Exercise objective » For the material below, the expected output is exactly the lines between the line holding "1116 LAWSON AVENUE - photo 1 of 25" and the line holding "Gebruikt 2024 Kia", inclusive, with pictures left out.

Records supplied »
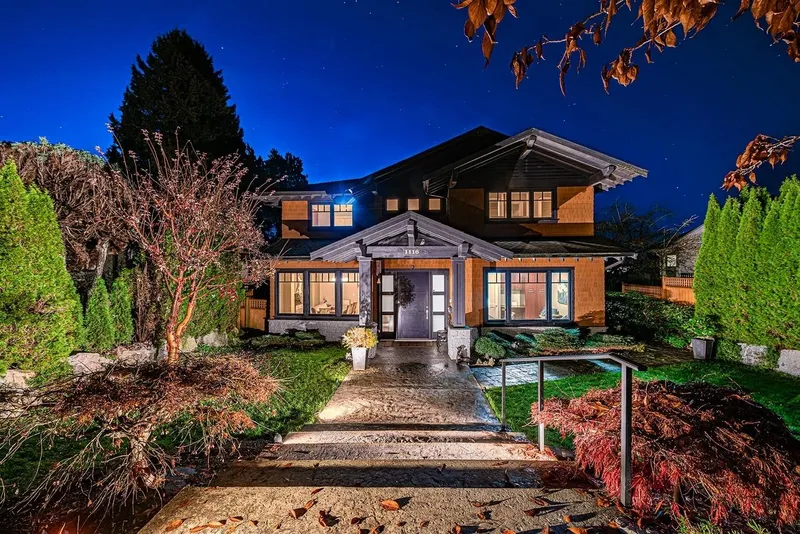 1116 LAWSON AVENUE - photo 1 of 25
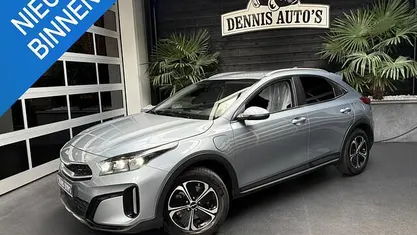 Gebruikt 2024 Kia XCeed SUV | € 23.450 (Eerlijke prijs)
---
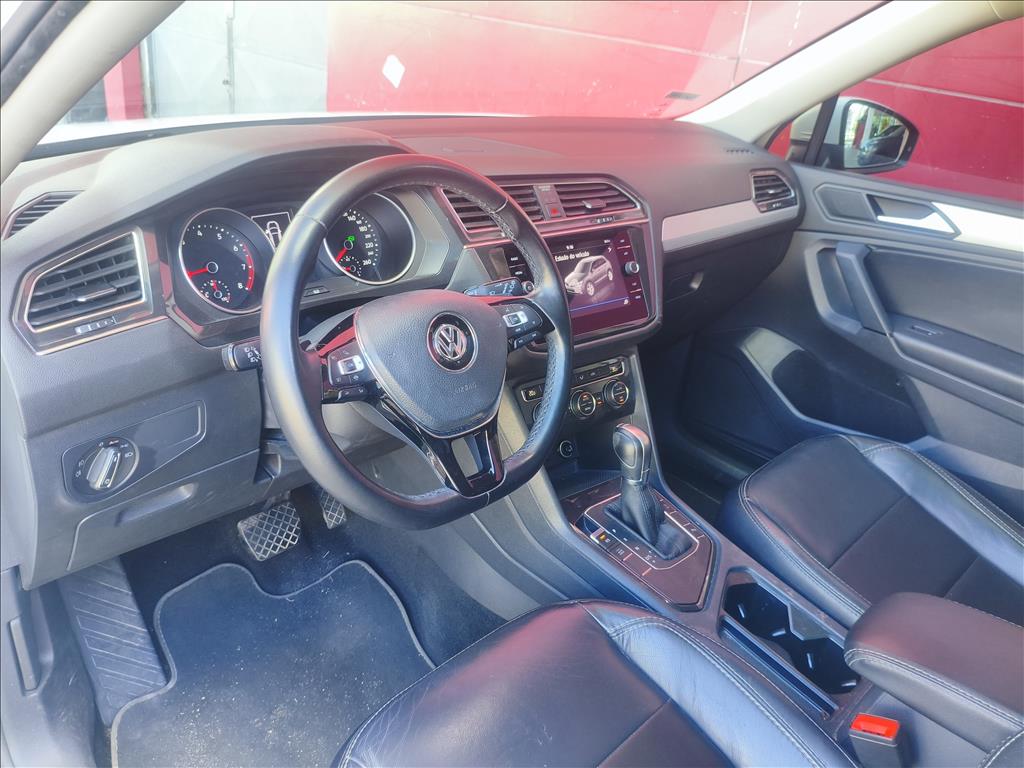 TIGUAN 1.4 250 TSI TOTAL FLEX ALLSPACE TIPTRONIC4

Task output »
 1116 LAWSON AVENUE - photo 1 of 25
 Gebruikt 2024 Kia XCeed SUV | € 23.450 (Eerlijke prijs)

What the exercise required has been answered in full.